▶ **EXERCISE INSTRUCTIONS**: Down to the last line below, write out every line exactly, starting with the one that contains "Rotting Christ - Genesis (CD) NEAR MINT!!" and leaving out the pictures.

▶ **RECORDS FOR THIS EXERCISE**:
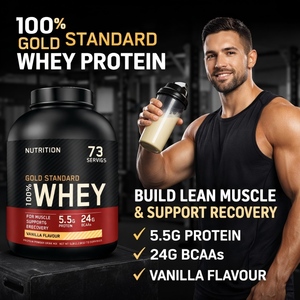 OEM Whey Protein 2.3kg 24g Proteine 5.5g BCAA Vaniglia Supporto Muscolare Recupero Nutrizione Sportiva - Product Image 2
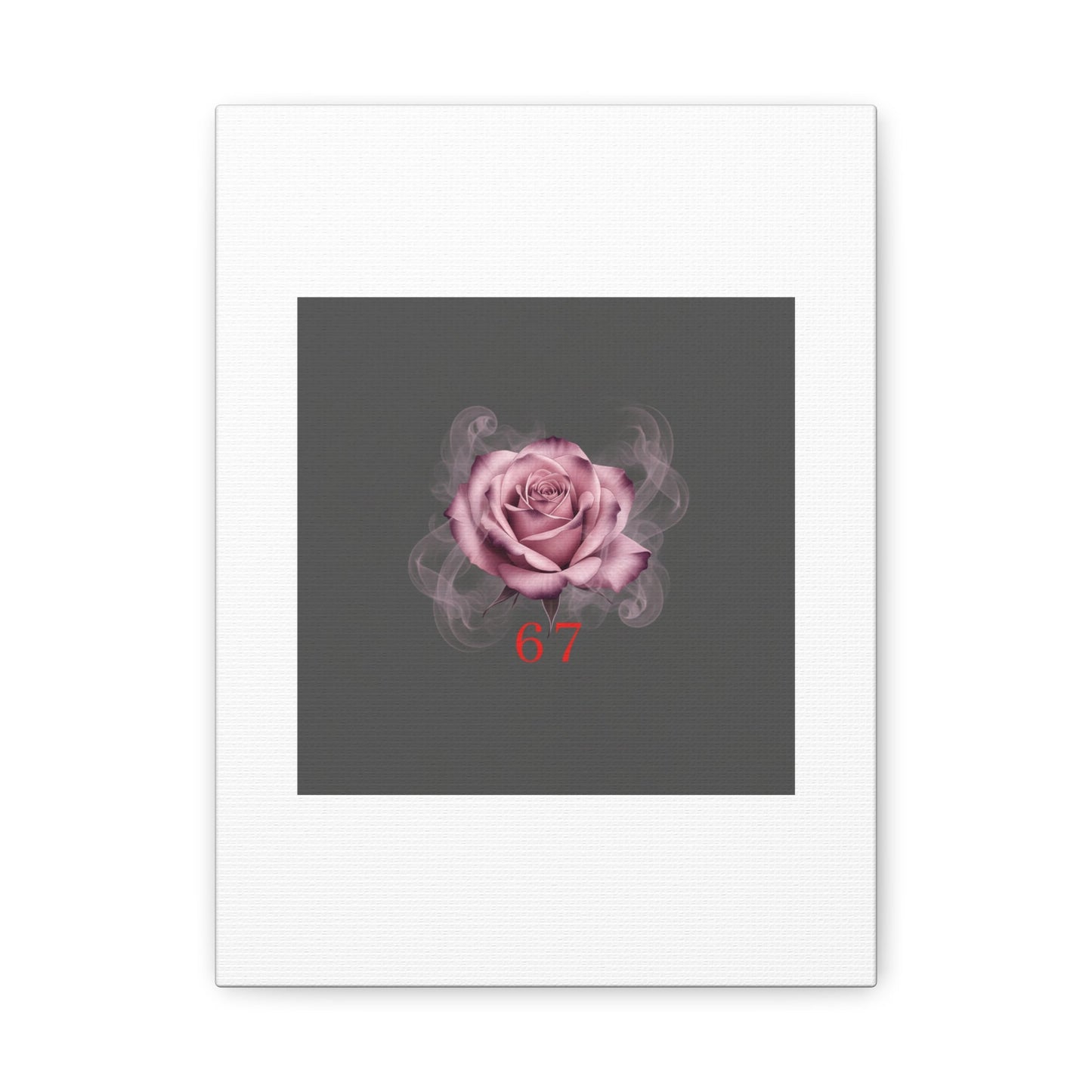 6 7 Valentine's Canvas | Viral Gothic Rose Wall Art | 6 7 Meaning Dark Romance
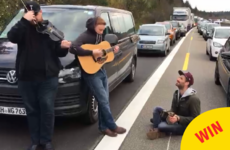 This trad band's impromptu performance while stuck in a traffic jam is going viral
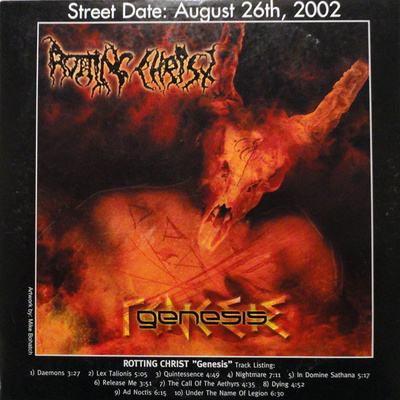 Rotting Christ - Genesis (CD) NEAR MINT!!
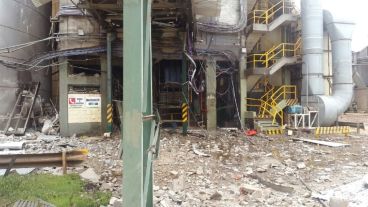 Las imágenes dentro de la empresa Cofco, ex Nidera.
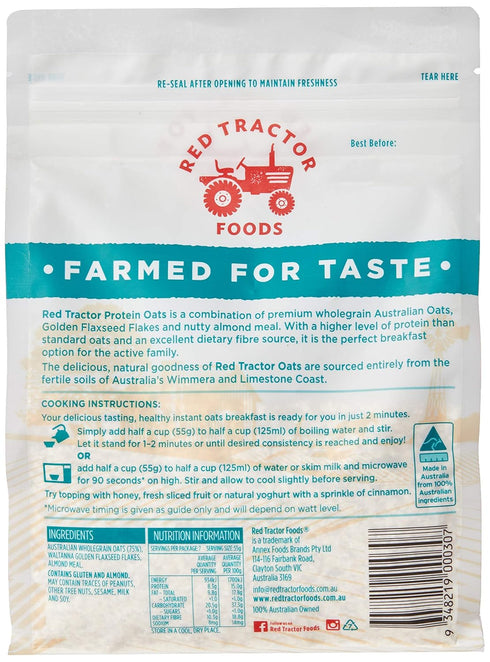 Creamy Protein Porridge Oats with Red Tractor Flavor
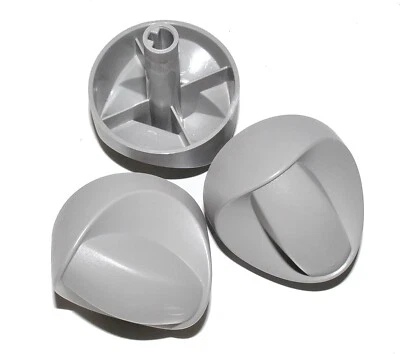 3 Weber Brand Grill BBQ OEM Control Knobs Spirit Genesis Silver Gold Series - Image 1 of 4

▶ **FINAL ANSWER**:
 Rotting Christ - Genesis (CD) NEAR MINT!!
 Las imágenes dentro de la empresa Cofco, ex Nidera.
 Creamy Protein Porridge Oats with Red Tractor Flavor
 3 Weber Brand Grill BBQ OEM Control Knobs Spirit Genesis Silver Gold Series - Image 1 of 4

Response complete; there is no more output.